Why didn't pre-Gutenberg movable type systems cause a printing revolution?

Upvote:-1

There are a couple of issues here:

  1. Writing system.

Moveable type printing gives the greatest efficiency gains when the writing system doesn't need to employ a lot of different glpyhs. This means it works much better for systems that are alphabets (30ish glyphs) than for systems that use syllable glyphs combined with logographs (tens or hundreds of thousands of glpyhs).

So although the Chinese had worked out, their quasi-logographic writing system meant that making industrial use of it for the traditional Chinese writing system would require pre-creation and organization of what looks to western eyes like a completely unreasonable 50,000ish glyphs. For the modern Chinese used for newspapers today, the count commonly used is reduced to a mere 3,000, but that's still two powers of 10 more than that required for German.
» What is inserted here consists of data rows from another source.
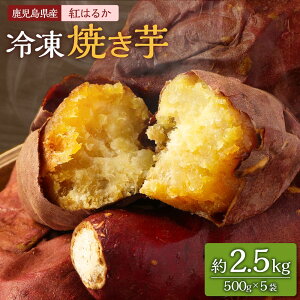 yӂ邳Ɣ[Łzg͂邩 ⓀĈ 2.5kg i500g×5܁j n Ă ₫ ܂ Tc}C F     XC[c Ⓚ Y  Fs 
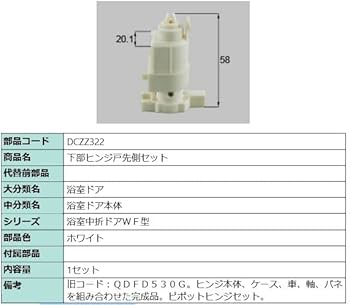 追加依頼分 Amazon.co.jp: LIXIL メンテナンス部品 ドア 引戸用部品 丁番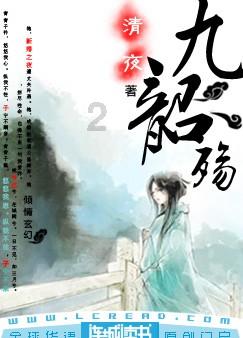 波斯王子3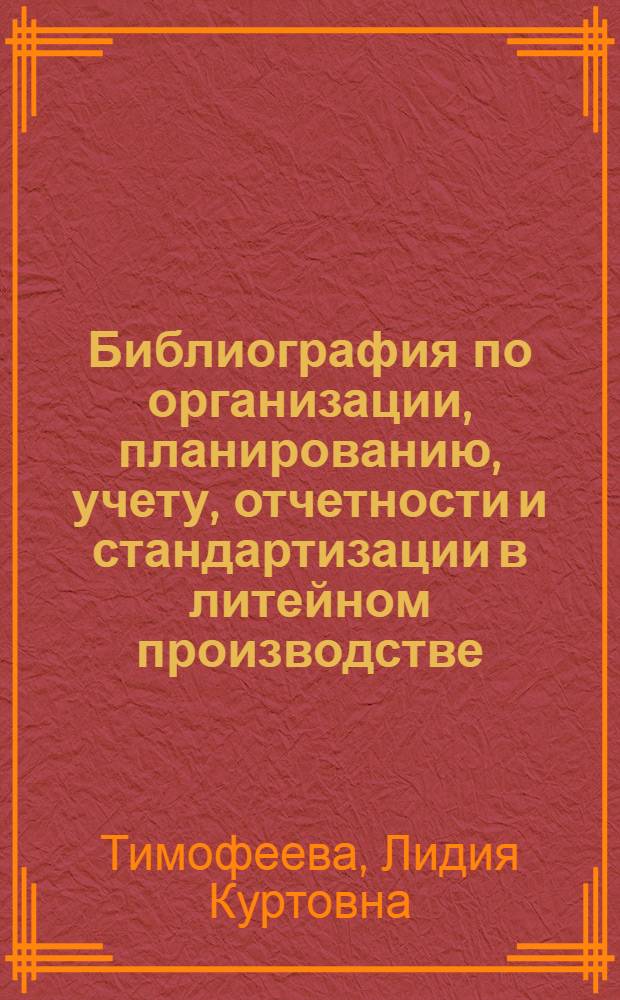 Библиография по организации, планированию, учету, отчетности и стандартизации в литейном производстве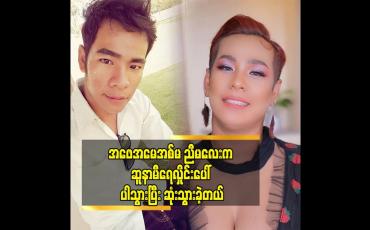 Embedded thumbnail for ပရိသတ်ကို အပျော်တွေပဲ ပေးချင်တယ် ဆိုတဲ့ ပိုင်လေး
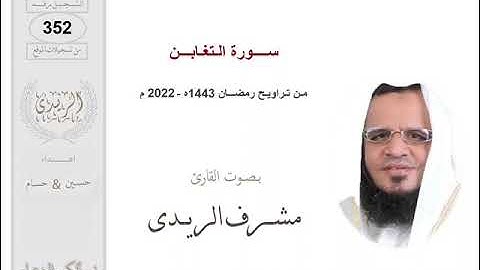 سورة التغابــن: القارئ مشرف الريدى :رمضان2022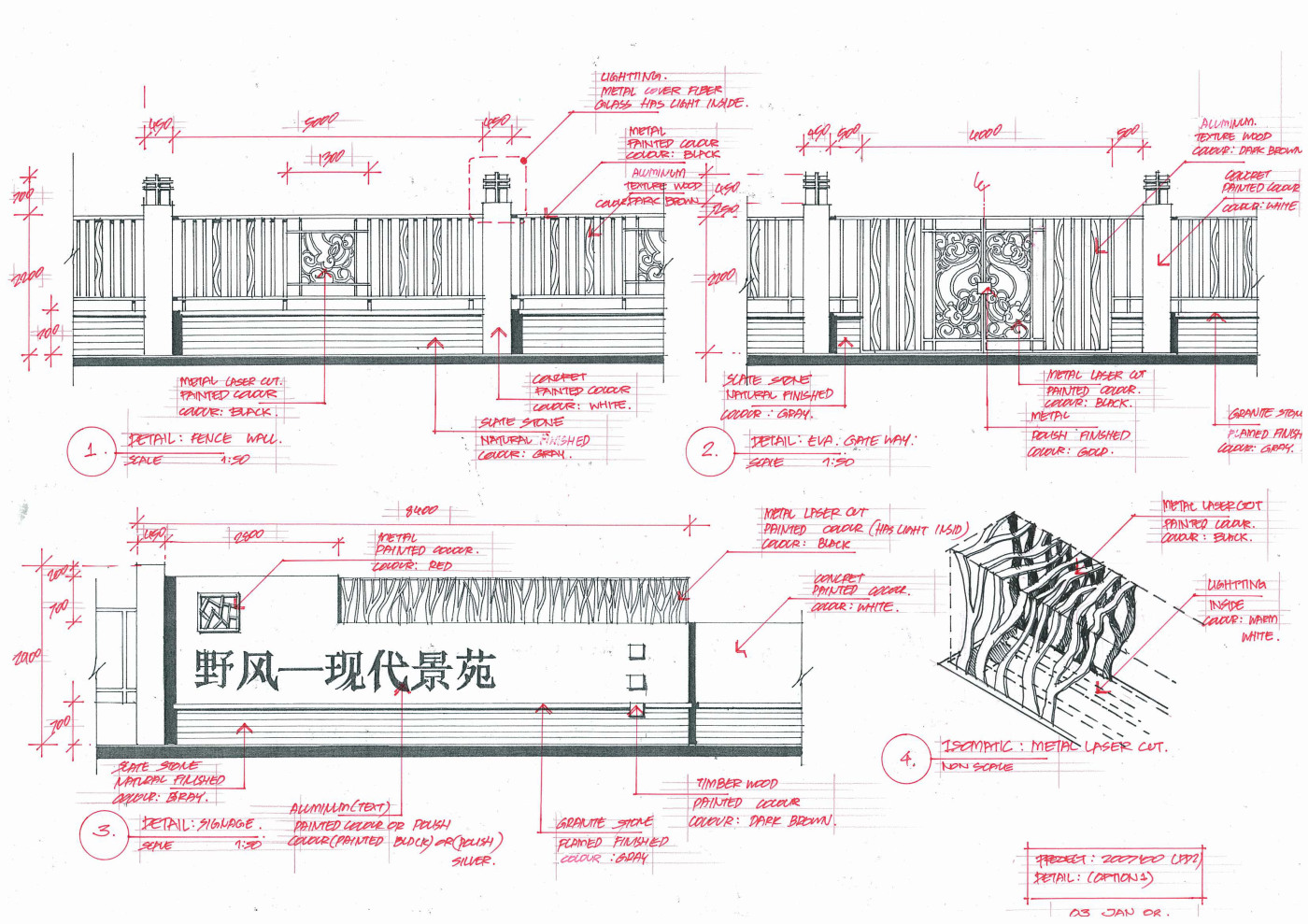 Detail_revise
You might think Korea was in a better spot here, since their modern writing system is quasi-alphabetic. However, that system was not invented in 1377 when their press was. So their press used a system borrowed from Chinese (or rather, it used the Chinese writing system), so it had the same problems.

  1. Literacy

This one's tougher to get good numbers on. There seems to be a recent trend to up-estimate Europe's literacy during the late middle-ages to possibly as high as 40%. Certainly the influx of paper to the region starting at the 11th Century attests to an demand for it existing. If those high numbers are anywhere near accurate, its quite likely the relative simplicity of its alphabetical writing system played a part. Clergy and monks were likely nearly universally literate.

For China the estimates I'm seeing are more along the lines of 16-30%, but in China literacy wasn't so much a boolean thing, but rather measured in the number of glyphs you know. So a barely literate Chinese person would perhaps know only a few hundred characters, while the full system contains on the order of 50,000. I don't have any info for Korean literacy at this time, but as they were still using the Chinese system, it seems fair to assume it wouldn't likely have been much better than the Chinese were experiencing.


I don't want to overstate the case here. Chinese is printed today, so its still an improvement over not doing so, and they continued to do some printing back in the day too, so it wasn't a total waste of time then either. However, when a tech is new its going to be at its least developed and efficient. At that time, there simply wasn't nearly the gain to be had for printing over professional hand-copying in China or Korea that there was in Germany.

Upvote:2

"Why" questions are notoriously difficult, and I am sure there will be plenty of scorn piled on me for even trying...

Any major invention consists of many parts. It also requires a market to take off. Let me start with an example that I'm more of an "expert" on - airplanes.

The Wright brothers are rightfully credited with its invention because they invented the final piece - the 3-angle control system (their predecessors' planes took off and fell down because they failed to control them in all 3 directions). Also there was a ready market for airplanes - militaries needed them for reconnaissance (even though generals did not realize that yet).

I suspect that the lack of economic success of movable print invention in China is a combination of technical and economic issues.

Movable print consists of many parts: reusable metal letters, matrix, ink that dries fast but can be removed from the letters &c. The letters must be simple enough so that inevitable imperfections and fouling do not make the printed text unreadable (a problem with the 1000s of Chinese characters).

The market requires a big pool of literate people who need the book. Remember, it is faster to make 1 copy of a book by hand than by printing, so to justify printing it, one has to know that there will be many people buying it. Europe had Bible that everyone wanted to own. Did China have a text of similar importance that everyone wanted to own? How many characters an average literate person knew? How many people could benefit from owning a book?